• Problem statement
Nothing but the lines from the one holding "Rückersdorf: Traumhaus mit" to the final line of the listing below, both included, should be repeated, and each must match exactly. Omit pictures.

• Information supplied
^^^^
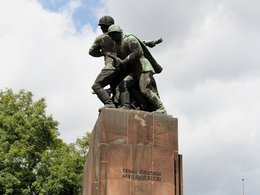 Памятник освободителям Варшавы. Фрагмент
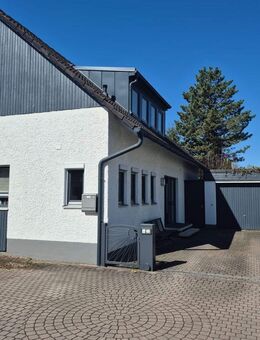 Rückersdorf: Traumhaus mit zwei Terrassen, Balkon und großem sehr gepflegtem Garten - Rückersdorf (Bayern)
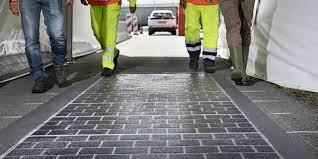 Non è fantascienza: ENEA e TeaTek lanciano i pannelli stradali fotovoltaici 3 pannelli stradali fotovoltaici_2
^^^^
• Answer to this exercise
 Rückersdorf: Traumhaus mit zwei Terrassen, Balkon und großem sehr gepflegtem Garten - Rückersdorf (Bayern)
 Non è fantascienza: ENEA e TeaTek lanciano i pannelli stradali fotovoltaici 3 pannelli stradali fotovoltaici_2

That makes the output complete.